Make an exact copy of the listing, without images.

============

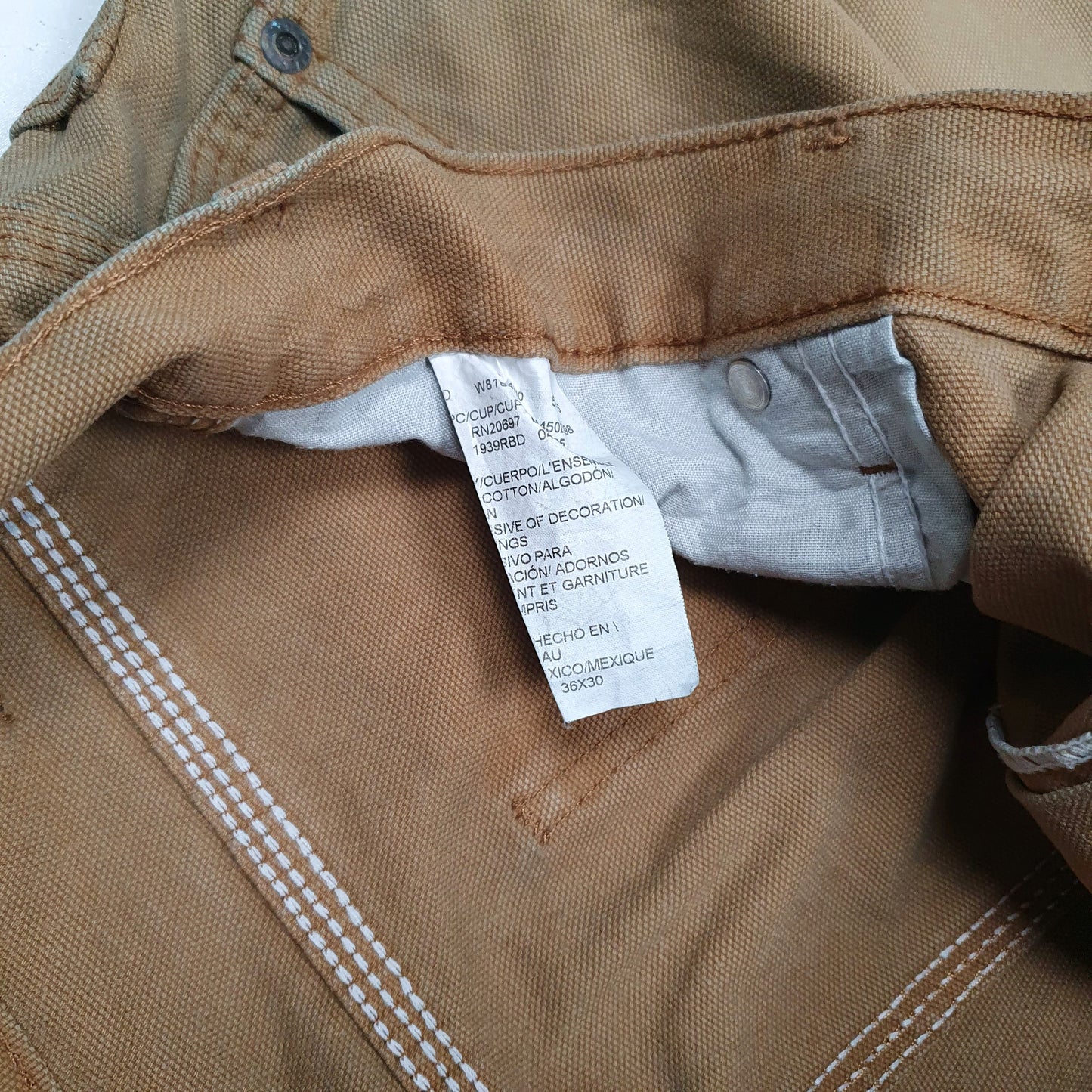 Mens Brown Dickies   Shorts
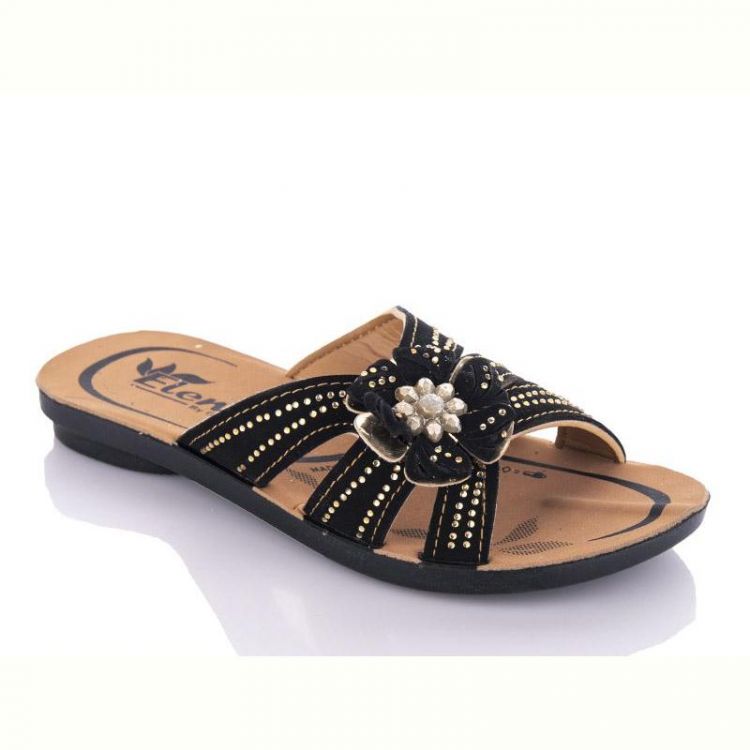Купить Шлепанцы Malibu Aelena1 black на obuv-plus.com.ua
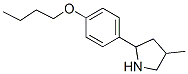 Pyrrolidine, 2-(4-butoxyphenyl)-4-methyl- (9ci) Structure,603089-63-0Structure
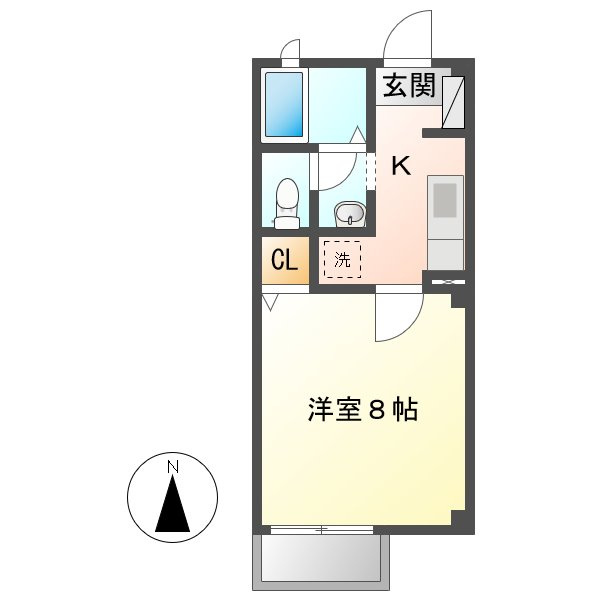 フォブール三冠Ａの間取り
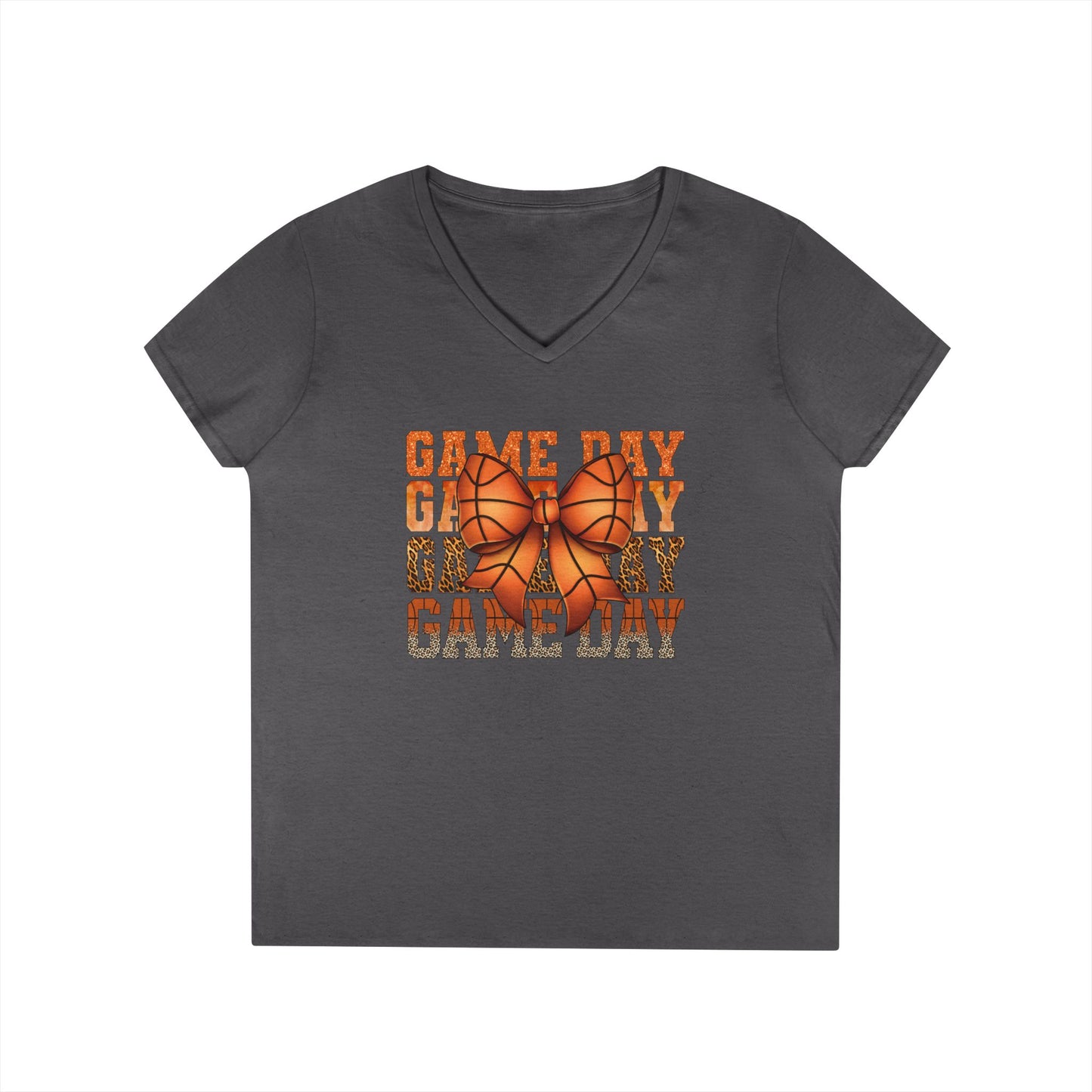V-Neck T-Shirt Basketball Mom Game Day Shirt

============

RESPONSE TO THE TASK ::
 Mens Brown Dickies   Shorts
Купить Шлепанцы Malibu Aelena1 black на obuv-plus.com.ua
 Pyrrolidine, 2-(4-butoxyphenyl)-4-methyl- (9ci) Structure,603089-63-0Structure
 フォブール三冠Ａの間取り
V-Neck T-Shirt Basketball Mom Game Day Shirt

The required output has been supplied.